▸ **TASK STATEMENT**
With every picture left out, restate the listing below exactly as written.

▸ **DATASET SECTION**
________

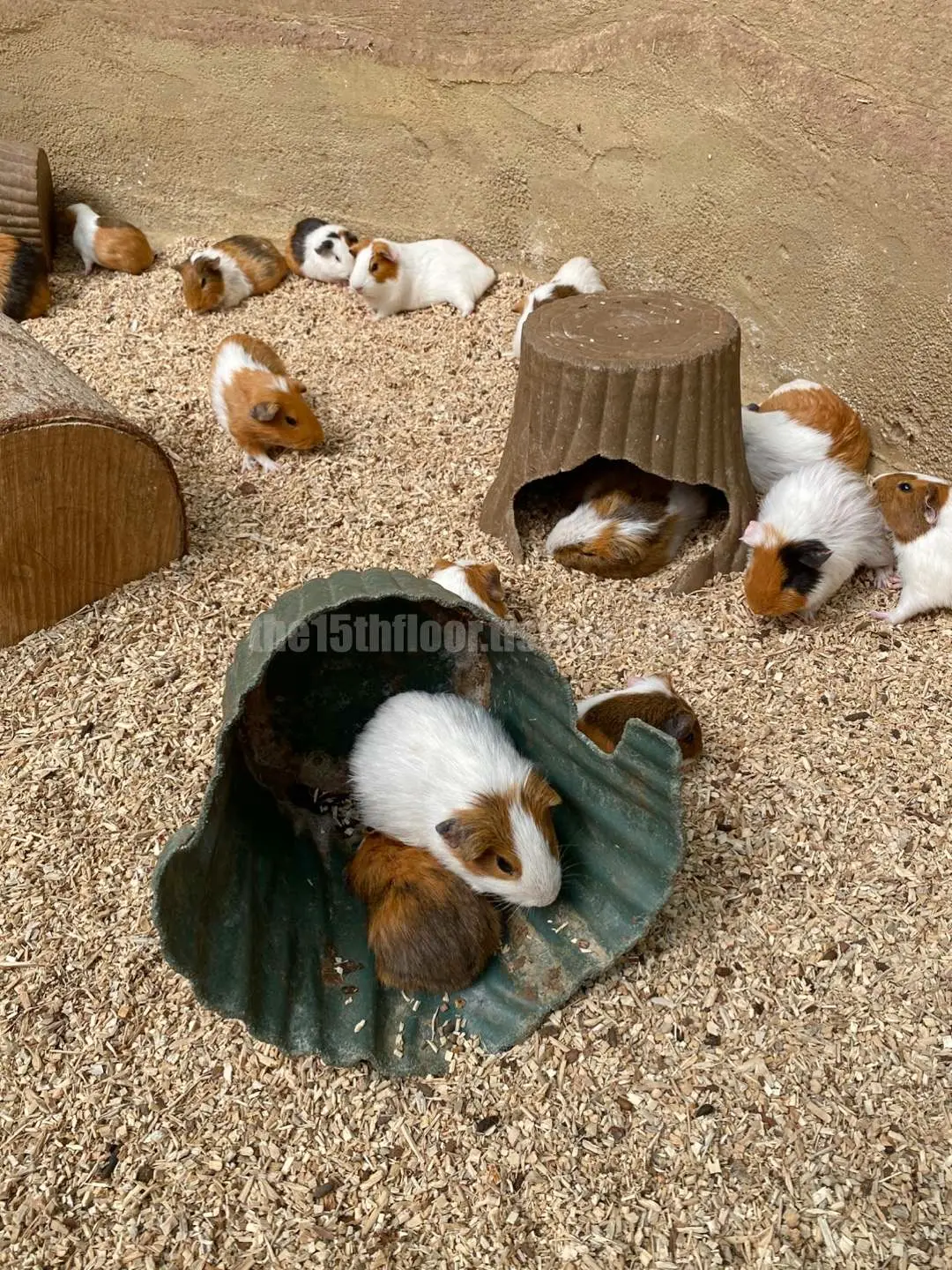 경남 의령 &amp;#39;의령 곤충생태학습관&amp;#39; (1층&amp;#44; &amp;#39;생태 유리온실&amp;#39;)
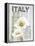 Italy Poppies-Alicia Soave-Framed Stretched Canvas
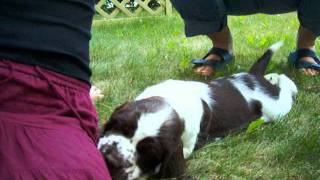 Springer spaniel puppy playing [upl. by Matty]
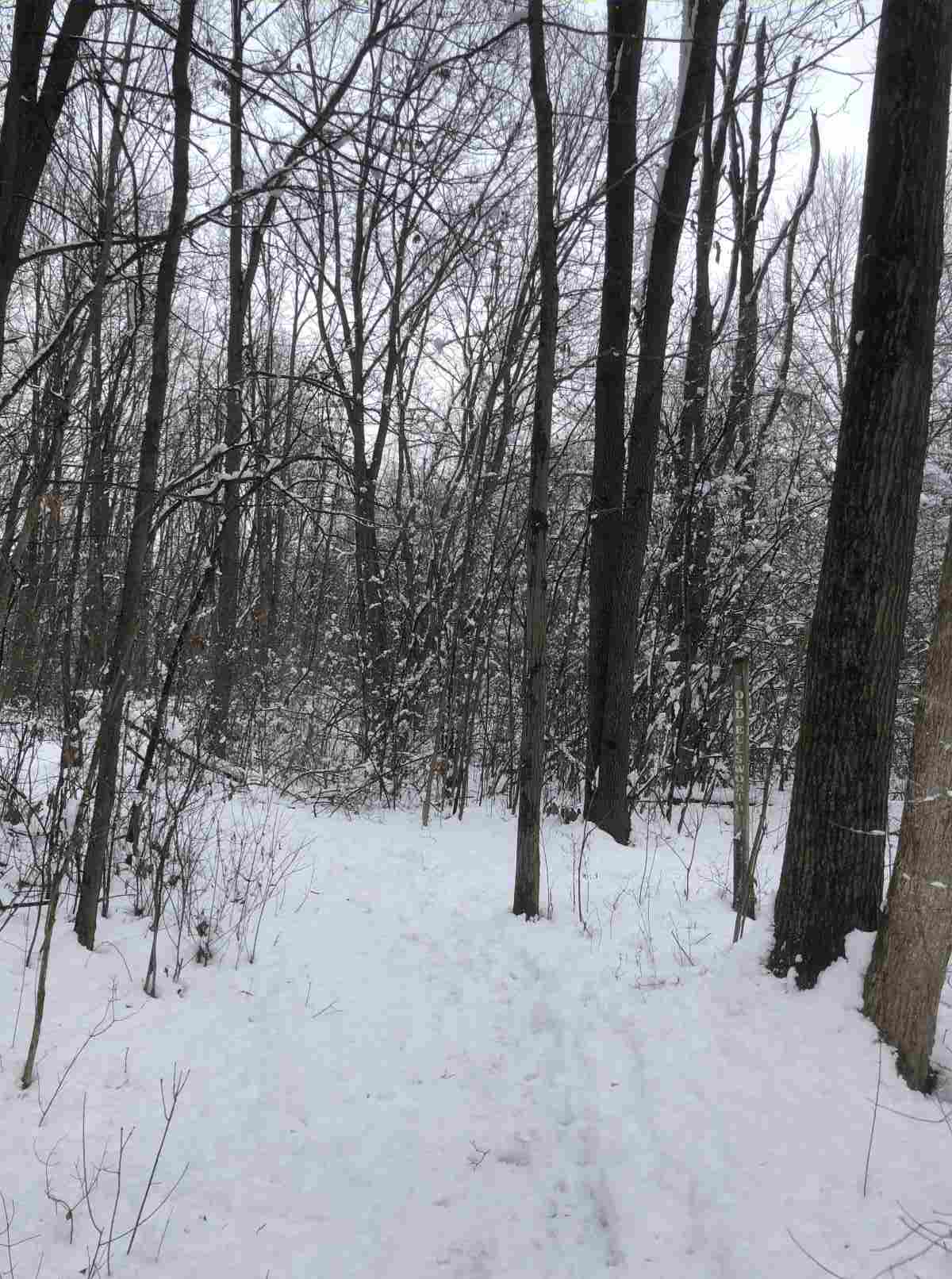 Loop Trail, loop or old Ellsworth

________

▸ **RESPONSE AREA**
 경남 의령 &amp;#39;의령 곤충생태학습관&amp;#39; (1층&amp;#44; &amp;#39;생태 유리온실&amp;#39;)
 Italy Poppies-Alicia Soave-Framed Stretched Canvas
 Springer spaniel puppy playing [upl. by Matty]
 Loop Trail, loop or old Ellsworth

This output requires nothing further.